▶ ENTRIES SUPPLIED:
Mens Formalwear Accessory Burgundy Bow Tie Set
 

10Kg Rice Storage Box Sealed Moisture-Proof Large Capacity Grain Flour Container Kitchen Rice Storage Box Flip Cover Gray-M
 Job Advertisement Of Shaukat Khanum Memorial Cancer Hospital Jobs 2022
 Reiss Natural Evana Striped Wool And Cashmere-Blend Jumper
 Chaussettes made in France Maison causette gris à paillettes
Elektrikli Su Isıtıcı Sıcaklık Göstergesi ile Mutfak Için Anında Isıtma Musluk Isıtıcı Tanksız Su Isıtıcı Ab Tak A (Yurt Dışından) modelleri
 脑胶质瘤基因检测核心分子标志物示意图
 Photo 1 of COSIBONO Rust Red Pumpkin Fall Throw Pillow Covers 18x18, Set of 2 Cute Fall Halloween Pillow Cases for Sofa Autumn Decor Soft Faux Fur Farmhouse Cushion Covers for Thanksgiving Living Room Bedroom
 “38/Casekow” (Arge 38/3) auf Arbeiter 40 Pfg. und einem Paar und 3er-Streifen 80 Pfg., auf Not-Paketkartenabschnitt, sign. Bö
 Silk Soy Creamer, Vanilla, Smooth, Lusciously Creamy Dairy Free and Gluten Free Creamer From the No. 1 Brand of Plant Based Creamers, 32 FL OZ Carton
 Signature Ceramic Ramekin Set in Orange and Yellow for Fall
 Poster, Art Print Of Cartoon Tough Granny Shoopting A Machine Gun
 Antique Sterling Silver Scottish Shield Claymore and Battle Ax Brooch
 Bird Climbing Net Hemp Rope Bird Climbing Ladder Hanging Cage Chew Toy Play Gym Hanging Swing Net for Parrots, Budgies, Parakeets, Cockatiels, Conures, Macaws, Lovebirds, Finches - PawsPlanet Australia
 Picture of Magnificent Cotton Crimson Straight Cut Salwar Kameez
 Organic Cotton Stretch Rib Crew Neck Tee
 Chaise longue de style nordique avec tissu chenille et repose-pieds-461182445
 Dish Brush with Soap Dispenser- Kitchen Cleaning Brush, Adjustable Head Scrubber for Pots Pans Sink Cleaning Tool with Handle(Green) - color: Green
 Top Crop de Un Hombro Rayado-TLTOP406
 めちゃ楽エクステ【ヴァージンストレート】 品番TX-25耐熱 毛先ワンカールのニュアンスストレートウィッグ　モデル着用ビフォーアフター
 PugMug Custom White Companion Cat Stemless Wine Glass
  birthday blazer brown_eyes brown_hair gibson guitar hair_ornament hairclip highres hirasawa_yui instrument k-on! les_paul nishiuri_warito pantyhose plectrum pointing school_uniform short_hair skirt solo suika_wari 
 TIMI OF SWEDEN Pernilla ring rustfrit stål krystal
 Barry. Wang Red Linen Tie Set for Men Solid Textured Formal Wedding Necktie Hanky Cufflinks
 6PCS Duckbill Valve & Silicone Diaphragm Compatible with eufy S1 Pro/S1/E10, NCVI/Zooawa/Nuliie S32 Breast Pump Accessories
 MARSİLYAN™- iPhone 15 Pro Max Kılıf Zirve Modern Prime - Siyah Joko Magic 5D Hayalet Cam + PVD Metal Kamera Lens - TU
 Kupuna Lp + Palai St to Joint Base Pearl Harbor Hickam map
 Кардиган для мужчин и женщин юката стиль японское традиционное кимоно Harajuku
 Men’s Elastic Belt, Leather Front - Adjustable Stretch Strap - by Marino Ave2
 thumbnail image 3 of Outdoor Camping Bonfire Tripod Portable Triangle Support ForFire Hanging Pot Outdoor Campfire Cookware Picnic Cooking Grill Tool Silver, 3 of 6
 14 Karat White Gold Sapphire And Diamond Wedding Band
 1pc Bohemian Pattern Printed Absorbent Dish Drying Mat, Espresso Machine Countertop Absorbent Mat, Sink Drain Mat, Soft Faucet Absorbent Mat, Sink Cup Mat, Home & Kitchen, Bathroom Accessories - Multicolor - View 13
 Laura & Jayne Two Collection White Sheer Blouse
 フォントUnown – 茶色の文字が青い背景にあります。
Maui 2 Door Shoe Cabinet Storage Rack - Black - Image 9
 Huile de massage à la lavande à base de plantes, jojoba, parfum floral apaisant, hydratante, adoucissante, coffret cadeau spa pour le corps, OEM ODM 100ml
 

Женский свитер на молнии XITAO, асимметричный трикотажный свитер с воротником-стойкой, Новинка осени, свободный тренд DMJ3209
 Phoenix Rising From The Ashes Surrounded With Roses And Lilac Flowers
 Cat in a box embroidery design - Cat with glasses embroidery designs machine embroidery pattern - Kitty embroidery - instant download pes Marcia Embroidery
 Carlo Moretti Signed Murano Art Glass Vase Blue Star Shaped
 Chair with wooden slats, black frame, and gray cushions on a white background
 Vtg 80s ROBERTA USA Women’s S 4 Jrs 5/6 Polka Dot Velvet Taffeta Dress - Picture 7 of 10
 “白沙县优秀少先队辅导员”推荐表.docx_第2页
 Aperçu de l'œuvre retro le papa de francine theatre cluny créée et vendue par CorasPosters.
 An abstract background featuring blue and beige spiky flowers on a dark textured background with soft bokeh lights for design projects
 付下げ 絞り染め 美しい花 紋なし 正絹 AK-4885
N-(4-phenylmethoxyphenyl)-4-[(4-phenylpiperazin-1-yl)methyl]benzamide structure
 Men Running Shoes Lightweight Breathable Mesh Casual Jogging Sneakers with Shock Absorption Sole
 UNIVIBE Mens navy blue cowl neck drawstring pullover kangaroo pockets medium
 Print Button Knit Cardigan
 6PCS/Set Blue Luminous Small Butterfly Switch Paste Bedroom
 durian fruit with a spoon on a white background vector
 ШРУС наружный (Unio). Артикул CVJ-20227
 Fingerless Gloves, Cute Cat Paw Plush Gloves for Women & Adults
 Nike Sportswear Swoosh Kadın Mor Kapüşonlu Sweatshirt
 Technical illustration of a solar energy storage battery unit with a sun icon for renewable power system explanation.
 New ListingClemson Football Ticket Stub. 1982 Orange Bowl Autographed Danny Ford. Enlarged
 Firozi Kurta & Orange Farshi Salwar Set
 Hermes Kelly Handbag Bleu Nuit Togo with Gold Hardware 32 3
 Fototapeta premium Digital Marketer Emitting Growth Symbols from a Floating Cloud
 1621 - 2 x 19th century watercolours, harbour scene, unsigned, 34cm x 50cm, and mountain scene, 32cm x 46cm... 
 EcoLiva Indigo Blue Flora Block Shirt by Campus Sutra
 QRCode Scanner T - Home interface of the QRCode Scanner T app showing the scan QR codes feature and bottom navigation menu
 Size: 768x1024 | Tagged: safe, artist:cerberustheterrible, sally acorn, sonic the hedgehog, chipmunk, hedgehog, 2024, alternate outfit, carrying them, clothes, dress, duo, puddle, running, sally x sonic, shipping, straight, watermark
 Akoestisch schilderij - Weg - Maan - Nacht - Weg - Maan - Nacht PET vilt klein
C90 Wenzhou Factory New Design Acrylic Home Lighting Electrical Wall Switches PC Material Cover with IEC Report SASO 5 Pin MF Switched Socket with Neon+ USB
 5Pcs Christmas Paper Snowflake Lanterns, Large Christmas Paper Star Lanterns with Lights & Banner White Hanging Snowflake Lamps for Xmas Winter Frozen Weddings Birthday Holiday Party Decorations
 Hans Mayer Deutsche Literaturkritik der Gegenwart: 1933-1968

▶ PROBLEM STATEMENT: Would you set down all the lines above, exactly and in full?

▶ RESULT FOR THIS TASK:
Mens Formalwear Accessory Burgundy Bow Tie Set
 

10Kg Rice Storage Box Sealed Moisture-Proof Large Capacity Grain Flour Container Kitchen Rice Storage Box Flip Cover Gray-M
 Job Advertisement Of Shaukat Khanum Memorial Cancer Hospital Jobs 2022
 Reiss Natural Evana Striped Wool And Cashmere-Blend Jumper
 Chaussettes made in France Maison causette gris à paillettes
Elektrikli Su Isıtıcı Sıcaklık Göstergesi ile Mutfak Için Anında Isıtma Musluk Isıtıcı Tanksız Su Isıtıcı Ab Tak A (Yurt Dışından) modelleri
 脑胶质瘤基因检测核心分子标志物示意图
 Photo 1 of COSIBONO Rust Red Pumpkin Fall Throw Pillow Covers 18x18, Set of 2 Cute Fall Halloween Pillow Cases for Sofa Autumn Decor Soft Faux Fur Farmhouse Cushion Covers for Thanksgiving Living Room Bedroom
 “38/Casekow” (Arge 38/3) auf Arbeiter 40 Pfg. und einem Paar und 3er-Streifen 80 Pfg., auf Not-Paketkartenabschnitt, sign. Bö
 Silk Soy Creamer, Vanilla, Smooth, Lusciously Creamy Dairy Free and Gluten Free Creamer From the No. 1 Brand of Plant Based Creamers, 32 FL OZ Carton
 Signature Ceramic Ramekin Set in Orange and Yellow for Fall
 Poster, Art Print Of Cartoon Tough Granny Shoopting A Machine Gun
 Antique Sterling Silver Scottish Shield Claymore and Battle Ax Brooch
 Bird Climbing Net Hemp Rope Bird Climbing Ladder Hanging Cage Chew Toy Play Gym Hanging Swing Net for Parrots, Budgies, Parakeets, Cockatiels, Conures, Macaws, Lovebirds, Finches - PawsPlanet Australia
 Picture of Magnificent Cotton Crimson Straight Cut Salwar Kameez
 Organic Cotton Stretch Rib Crew Neck Tee
 Chaise longue de style nordique avec tissu chenille et repose-pieds-461182445
 Dish Brush with Soap Dispenser- Kitchen Cleaning Brush, Adjustable Head Scrubber for Pots Pans Sink Cleaning Tool with Handle(Green) - color: Green
 Top Crop de Un Hombro Rayado-TLTOP406
 めちゃ楽エクステ【ヴァージンストレート】 品番TX-25耐熱 毛先ワンカールのニュアンスストレートウィッグ　モデル着用ビフォーアフター
 PugMug Custom White Companion Cat Stemless Wine Glass
  birthday blazer brown_eyes brown_hair gibson guitar hair_ornament hairclip highres hirasawa_yui instrument k-on! les_paul nishiuri_warito pantyhose plectrum pointing school_uniform short_hair skirt solo suika_wari 
 TIMI OF SWEDEN Pernilla ring rustfrit stål krystal
 Barry. Wang Red Linen Tie Set for Men Solid Textured Formal Wedding Necktie Hanky Cufflinks
 6PCS Duckbill Valve & Silicone Diaphragm Compatible with eufy S1 Pro/S1/E10, NCVI/Zooawa/Nuliie S32 Breast Pump Accessories
 MARSİLYAN™- iPhone 15 Pro Max Kılıf Zirve Modern Prime - Siyah Joko Magic 5D Hayalet Cam + PVD Metal Kamera Lens - TU
 Kupuna Lp + Palai St to Joint Base Pearl Harbor Hickam map
 Кардиган для мужчин и женщин юката стиль японское традиционное кимоно Harajuku
 Men’s Elastic Belt, Leather Front - Adjustable Stretch Strap - by Marino Ave2
 thumbnail image 3 of Outdoor Camping Bonfire Tripod Portable Triangle Support ForFire Hanging Pot Outdoor Campfire Cookware Picnic Cooking Grill Tool Silver, 3 of 6
 14 Karat White Gold Sapphire And Diamond Wedding Band
 1pc Bohemian Pattern Printed Absorbent Dish Drying Mat, Espresso Machine Countertop Absorbent Mat, Sink Drain Mat, Soft Faucet Absorbent Mat, Sink Cup Mat, Home & Kitchen, Bathroom Accessories - Multicolor - View 13
 Laura & Jayne Two Collection White Sheer Blouse
 フォントUnown – 茶色の文字が青い背景にあります。
Maui 2 Door Shoe Cabinet Storage Rack - Black - Image 9
 Huile de massage à la lavande à base de plantes, jojoba, parfum floral apaisant, hydratante, adoucissante, coffret cadeau spa pour le corps, OEM ODM 100ml
 

Женский свитер на молнии XITAO, асимметричный трикотажный свитер с воротником-стойкой, Новинка осени, свободный тренд DMJ3209
 Phoenix Rising From The Ashes Surrounded With Roses And Lilac Flowers
 Cat in a box embroidery design - Cat with glasses embroidery designs machine embroidery pattern - Kitty embroidery - instant download pes Marcia Embroidery
 Carlo Moretti Signed Murano Art Glass Vase Blue Star Shaped
 Chair with wooden slats, black frame, and gray cushions on a white background
 Vtg 80s ROBERTA USA Women’s S 4 Jrs 5/6 Polka Dot Velvet Taffeta Dress - Picture 7 of 10
 “白沙县优秀少先队辅导员”推荐表.docx_第2页
 Aperçu de l'œuvre retro le papa de francine theatre cluny créée et vendue par CorasPosters.
 An abstract background featuring blue and beige spiky flowers on a dark textured background with soft bokeh lights for design projects
 付下げ 絞り染め 美しい花 紋なし 正絹 AK-4885
N-(4-phenylmethoxyphenyl)-4-[(4-phenylpiperazin-1-yl)methyl]benzamide structure
 Men Running Shoes Lightweight Breathable Mesh Casual Jogging Sneakers with Shock Absorption Sole
 UNIVIBE Mens navy blue cowl neck drawstring pullover kangaroo pockets medium
 Print Button Knit Cardigan
 6PCS/Set Blue Luminous Small Butterfly Switch Paste Bedroom
 durian fruit with a spoon on a white background vector
 ШРУС наружный (Unio). Артикул CVJ-20227
 Fingerless Gloves, Cute Cat Paw Plush Gloves for Women & Adults
 Nike Sportswear Swoosh Kadın Mor Kapüşonlu Sweatshirt
 Technical illustration of a solar energy storage battery unit with a sun icon for renewable power system explanation.
 New ListingClemson Football Ticket Stub. 1982 Orange Bowl Autographed Danny Ford. Enlarged
 Firozi Kurta & Orange Farshi Salwar Set
 Hermes Kelly Handbag Bleu Nuit Togo with Gold Hardware 32 3
 Fototapeta premium Digital Marketer Emitting Growth Symbols from a Floating Cloud
 1621 - 2 x 19th century watercolours, harbour scene, unsigned, 34cm x 50cm, and mountain scene, 32cm x 46cm... 
 EcoLiva Indigo Blue Flora Block Shirt by Campus Sutra
 QRCode Scanner T - Home interface of the QRCode Scanner T app showing the scan QR codes feature and bottom navigation menu
 Size: 768x1024 | Tagged: safe, artist:cerberustheterrible, sally acorn, sonic the hedgehog, chipmunk, hedgehog, 2024, alternate outfit, carrying them, clothes, dress, duo, puddle, running, sally x sonic, shipping, straight, watermark
 Akoestisch schilderij - Weg - Maan - Nacht - Weg - Maan - Nacht PET vilt klein
C90 Wenzhou Factory New Design Acrylic Home Lighting Electrical Wall Switches PC Material Cover with IEC Report SASO 5 Pin MF Switched Socket with Neon+ USB
 5Pcs Christmas Paper Snowflake Lanterns, Large Christmas Paper Star Lanterns with Lights & Banner White Hanging Snowflake Lamps for Xmas Winter Frozen Weddings Birthday Holiday Party Decorations
 Hans Mayer Deutsche Literaturkritik der Gegenwart: 1933-1968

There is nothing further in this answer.